In our Wisconsin climate, January is an unlikely month for actual gardening, but seeding and planning for the new season is underway at the Arboretum. In restorations, seeds harvested last season have been mixed and spread on cleared and prepared sites. In the Arboretum native plant garden, where most areas are well-established, we have done some overseeding. We also enhance the garden by ordering and planting additional plants every year. There is always space for one more native plant!
To help home, school, and community gardeners establish new gardens or enlarge existing ones, Friends of the Arboretum offers an online plant sale (order plants through March 31, with pick up in May) as well as the in-person sale under the tent on May 17.
To serve widespread interest in creating pollinator habitat and supporting populations of the federally endangered rusty-patched bumble bee (RPBB), FOA has designed a plant mix comprising native plants that are RPBB “favorites.” This set of thirty-two plants will bear flowers sequentially throughout the season, depending on weather conditions and temperature. Spring blooming plant species like wild geranium (Geranium maculatum), Virginia waterleaf (Hydrophyllum virginianum), and leadplant (Amorpha canescens) support bumble bee queens after they emerge from their hibernation chambers and forage for pollen and nectar as they each establish a colony. After about a month, if nest establishment is successful, late spring and summer blooming plants like coneflowers (Echinacea spp.), bee balm (Monarda fistulosa), Culver’s root (Veronicastrum virginianum), Joe-pye weeds (Eutrochium spp.) and giant hyssops (Agastache spp.) are important in providing resources as the colony first builds in size to several hundred worker bees, and then shifts to reproduction.

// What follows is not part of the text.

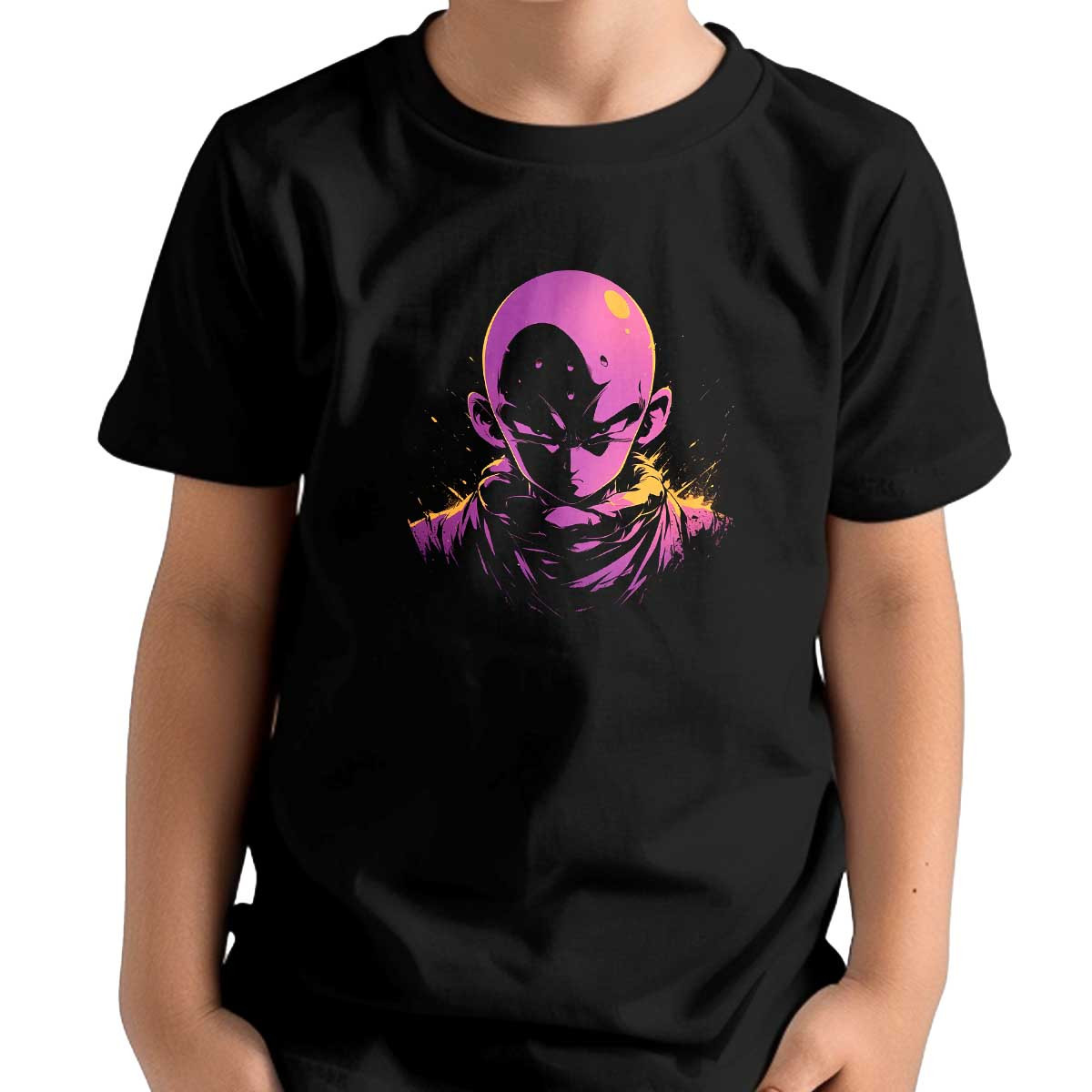 poleras-b-sica-regalo-krillin-con-mirada-determinada-en-colores-ciruela-y-pizarra-d-14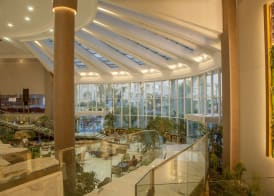 TUI MAGIC LIFE Africana 3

Male bees visit flowers for nectar, but the newly hatched gynes (future queens) visit flowers for nectar and may also collect pollen. Because mated new gynes are the only colony members to overwinter, they must have adequate late summer and fall floral resources like native thistles (Cirsium spp.), goldenrods (Solidago spp.) and asters (Symphyotrichum spp. and other aster genera).
Growing these plants in your garden will benefit the rusty-patched bumble bee as well as other bee species (including native solitary bees) and additional pollinators. Many of these plants are also used by specialist bee species that only visit one species or genus of plant. Networks of pollinators and plants are complex and many questions remain about them.
A recent study identified wild white indigo (Baptisia alba), milkweeds (Asclepias spp.) and Silphium spp. as additional genera that were preferentially selected by bumble bees in restoration areas. While bumble bees often visited several non-native species, this was mostly seen when those plants were the most abundant in the area. An interesting finding was that the three most common bumble bee species differed significantly in their feeding niches, which may have been due to differences in phenology (timing of colony development) but also may reduce competition for resources among them when their life histories overlap. The rarer bee species’ diets were less fully understood but showed more overlap among those bee species. This study was carried out in an area where the rusty-patched bumble bee is no longer found, so doing a similar analysis within remaining rusty-patched range could be instructive for understanding bees’ floral preferences (accounting for overall plant abundance) and for managing high-quality habitat for this rare bee.
During deep winter, while the bumble bee gynes are dormant in their overwintering chambers, we can plan plantings that will support them and their colonies next season.